(Extracted data entries)

┄┄┄┄┄┄

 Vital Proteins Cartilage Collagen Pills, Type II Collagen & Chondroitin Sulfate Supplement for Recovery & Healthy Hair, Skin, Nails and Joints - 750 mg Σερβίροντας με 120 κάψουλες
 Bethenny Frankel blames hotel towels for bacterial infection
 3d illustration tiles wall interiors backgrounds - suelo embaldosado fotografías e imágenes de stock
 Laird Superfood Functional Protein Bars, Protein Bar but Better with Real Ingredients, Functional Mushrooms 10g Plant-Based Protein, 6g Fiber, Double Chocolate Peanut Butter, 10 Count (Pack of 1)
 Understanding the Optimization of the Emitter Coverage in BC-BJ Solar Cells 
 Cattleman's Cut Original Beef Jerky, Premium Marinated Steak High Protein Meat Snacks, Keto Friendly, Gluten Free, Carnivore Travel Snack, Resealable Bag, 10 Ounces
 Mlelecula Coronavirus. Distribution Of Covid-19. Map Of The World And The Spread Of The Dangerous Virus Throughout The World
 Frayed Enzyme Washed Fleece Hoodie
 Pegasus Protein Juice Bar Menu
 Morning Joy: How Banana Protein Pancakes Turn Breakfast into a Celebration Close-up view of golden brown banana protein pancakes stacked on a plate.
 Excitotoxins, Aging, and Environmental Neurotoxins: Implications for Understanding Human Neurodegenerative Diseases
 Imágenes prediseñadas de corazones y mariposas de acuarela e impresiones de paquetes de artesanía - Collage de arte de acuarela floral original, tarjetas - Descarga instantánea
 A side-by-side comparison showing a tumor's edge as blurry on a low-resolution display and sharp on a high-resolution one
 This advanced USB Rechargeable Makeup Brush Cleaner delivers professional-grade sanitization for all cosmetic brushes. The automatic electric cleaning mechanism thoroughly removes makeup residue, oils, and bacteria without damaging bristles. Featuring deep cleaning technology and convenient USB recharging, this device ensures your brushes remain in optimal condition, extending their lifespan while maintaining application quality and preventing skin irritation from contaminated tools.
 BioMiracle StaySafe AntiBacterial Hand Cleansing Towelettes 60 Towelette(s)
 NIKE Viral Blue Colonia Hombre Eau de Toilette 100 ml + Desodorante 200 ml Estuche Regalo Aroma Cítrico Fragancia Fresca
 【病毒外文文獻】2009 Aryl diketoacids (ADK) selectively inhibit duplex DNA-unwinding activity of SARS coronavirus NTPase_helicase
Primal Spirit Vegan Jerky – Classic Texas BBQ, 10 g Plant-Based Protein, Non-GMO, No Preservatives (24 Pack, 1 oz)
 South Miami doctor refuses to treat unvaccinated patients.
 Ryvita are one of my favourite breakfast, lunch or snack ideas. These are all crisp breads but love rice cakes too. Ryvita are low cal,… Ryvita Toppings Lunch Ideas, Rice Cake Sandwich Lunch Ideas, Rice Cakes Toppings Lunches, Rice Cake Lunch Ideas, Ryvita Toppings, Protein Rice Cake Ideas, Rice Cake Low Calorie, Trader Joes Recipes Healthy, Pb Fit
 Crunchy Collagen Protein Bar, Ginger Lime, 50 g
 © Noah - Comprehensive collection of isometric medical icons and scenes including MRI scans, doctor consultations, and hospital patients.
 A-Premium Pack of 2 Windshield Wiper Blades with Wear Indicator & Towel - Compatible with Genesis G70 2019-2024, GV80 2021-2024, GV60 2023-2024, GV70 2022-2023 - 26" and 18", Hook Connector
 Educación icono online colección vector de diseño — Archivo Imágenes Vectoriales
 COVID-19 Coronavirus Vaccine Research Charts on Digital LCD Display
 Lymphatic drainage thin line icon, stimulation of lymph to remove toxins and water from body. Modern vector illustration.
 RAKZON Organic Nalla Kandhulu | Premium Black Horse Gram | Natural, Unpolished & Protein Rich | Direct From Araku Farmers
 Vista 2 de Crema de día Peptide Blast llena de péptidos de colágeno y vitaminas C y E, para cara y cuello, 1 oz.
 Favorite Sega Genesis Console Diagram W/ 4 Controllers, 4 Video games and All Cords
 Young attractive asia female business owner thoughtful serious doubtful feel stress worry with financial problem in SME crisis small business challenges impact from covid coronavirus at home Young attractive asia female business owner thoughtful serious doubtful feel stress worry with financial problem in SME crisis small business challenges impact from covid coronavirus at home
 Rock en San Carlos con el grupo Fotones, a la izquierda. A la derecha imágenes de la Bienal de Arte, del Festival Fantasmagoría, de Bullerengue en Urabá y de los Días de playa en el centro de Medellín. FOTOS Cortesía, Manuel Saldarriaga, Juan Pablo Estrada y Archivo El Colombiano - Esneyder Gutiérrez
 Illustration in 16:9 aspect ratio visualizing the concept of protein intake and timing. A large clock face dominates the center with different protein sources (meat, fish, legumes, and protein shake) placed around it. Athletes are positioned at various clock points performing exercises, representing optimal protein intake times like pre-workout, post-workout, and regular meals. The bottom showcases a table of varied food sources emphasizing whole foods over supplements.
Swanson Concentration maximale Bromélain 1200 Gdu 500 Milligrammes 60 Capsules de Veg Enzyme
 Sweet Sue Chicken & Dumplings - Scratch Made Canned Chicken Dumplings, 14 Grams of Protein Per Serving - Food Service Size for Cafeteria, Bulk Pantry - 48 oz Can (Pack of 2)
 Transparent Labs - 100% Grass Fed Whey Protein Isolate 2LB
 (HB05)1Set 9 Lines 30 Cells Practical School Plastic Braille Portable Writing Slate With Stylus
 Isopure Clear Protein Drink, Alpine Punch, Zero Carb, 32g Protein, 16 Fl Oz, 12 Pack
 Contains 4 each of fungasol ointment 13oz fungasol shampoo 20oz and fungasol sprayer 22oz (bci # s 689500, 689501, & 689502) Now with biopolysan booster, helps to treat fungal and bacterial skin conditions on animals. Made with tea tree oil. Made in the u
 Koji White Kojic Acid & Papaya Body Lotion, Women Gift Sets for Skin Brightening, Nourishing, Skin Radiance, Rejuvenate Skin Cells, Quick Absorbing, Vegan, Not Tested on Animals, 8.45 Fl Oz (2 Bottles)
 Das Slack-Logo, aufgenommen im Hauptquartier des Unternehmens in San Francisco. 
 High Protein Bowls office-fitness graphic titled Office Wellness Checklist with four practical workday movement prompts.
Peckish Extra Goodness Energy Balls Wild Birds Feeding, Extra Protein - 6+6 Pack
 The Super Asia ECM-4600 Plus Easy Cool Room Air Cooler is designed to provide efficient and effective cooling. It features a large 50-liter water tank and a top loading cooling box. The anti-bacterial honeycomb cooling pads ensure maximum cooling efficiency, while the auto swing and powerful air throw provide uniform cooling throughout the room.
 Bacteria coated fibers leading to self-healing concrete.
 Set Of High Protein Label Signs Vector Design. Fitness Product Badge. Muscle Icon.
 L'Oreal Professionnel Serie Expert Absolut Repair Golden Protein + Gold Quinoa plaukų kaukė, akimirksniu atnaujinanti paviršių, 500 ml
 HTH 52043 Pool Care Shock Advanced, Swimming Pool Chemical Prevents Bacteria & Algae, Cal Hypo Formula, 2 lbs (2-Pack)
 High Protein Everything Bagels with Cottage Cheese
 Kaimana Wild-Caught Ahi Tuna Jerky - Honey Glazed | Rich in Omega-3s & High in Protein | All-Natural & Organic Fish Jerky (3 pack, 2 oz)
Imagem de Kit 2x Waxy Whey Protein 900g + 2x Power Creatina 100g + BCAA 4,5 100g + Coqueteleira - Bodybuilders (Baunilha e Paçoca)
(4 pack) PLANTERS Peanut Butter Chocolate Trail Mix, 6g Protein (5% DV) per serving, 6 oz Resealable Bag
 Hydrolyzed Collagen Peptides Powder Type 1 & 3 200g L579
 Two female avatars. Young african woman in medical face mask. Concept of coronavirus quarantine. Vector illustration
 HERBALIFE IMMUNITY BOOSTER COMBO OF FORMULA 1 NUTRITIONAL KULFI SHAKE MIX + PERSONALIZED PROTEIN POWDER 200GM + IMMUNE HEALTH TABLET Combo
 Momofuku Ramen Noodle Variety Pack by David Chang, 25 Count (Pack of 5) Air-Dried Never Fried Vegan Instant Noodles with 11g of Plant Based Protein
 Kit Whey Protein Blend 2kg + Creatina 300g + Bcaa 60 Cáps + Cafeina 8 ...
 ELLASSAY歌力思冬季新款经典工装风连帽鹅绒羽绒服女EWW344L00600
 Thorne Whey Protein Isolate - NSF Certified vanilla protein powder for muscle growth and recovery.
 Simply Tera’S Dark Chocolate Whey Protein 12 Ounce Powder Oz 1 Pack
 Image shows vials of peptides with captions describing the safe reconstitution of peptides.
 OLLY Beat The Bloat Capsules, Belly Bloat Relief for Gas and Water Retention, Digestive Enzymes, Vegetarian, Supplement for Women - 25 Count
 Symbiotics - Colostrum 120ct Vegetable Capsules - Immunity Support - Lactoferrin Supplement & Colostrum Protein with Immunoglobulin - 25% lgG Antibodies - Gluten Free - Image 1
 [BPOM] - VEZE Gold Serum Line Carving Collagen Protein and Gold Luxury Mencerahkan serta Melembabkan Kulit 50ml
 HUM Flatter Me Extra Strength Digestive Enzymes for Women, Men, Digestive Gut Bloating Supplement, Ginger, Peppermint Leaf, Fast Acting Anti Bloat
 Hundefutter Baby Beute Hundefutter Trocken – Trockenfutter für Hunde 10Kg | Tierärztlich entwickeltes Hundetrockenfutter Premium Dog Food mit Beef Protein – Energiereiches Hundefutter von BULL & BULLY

┄┄┄┄┄┄

→ **WORK ITEM**:
Copy the records above exactly, beginning at the line that contains "Koji White Kojic" and stopping after the line that contains "High Protein Bowls".

→ **COMPLETED EXERCISE**:
 Koji White Kojic Acid & Papaya Body Lotion, Women Gift Sets for Skin Brightening, Nourishing, Skin Radiance, Rejuvenate Skin Cells, Quick Absorbing, Vegan, Not Tested on Animals, 8.45 Fl Oz (2 Bottles)
 Das Slack-Logo, aufgenommen im Hauptquartier des Unternehmens in San Francisco. 
 High Protein Bowls office-fitness graphic titled Office Wellness Checklist with four practical workday movement prompts.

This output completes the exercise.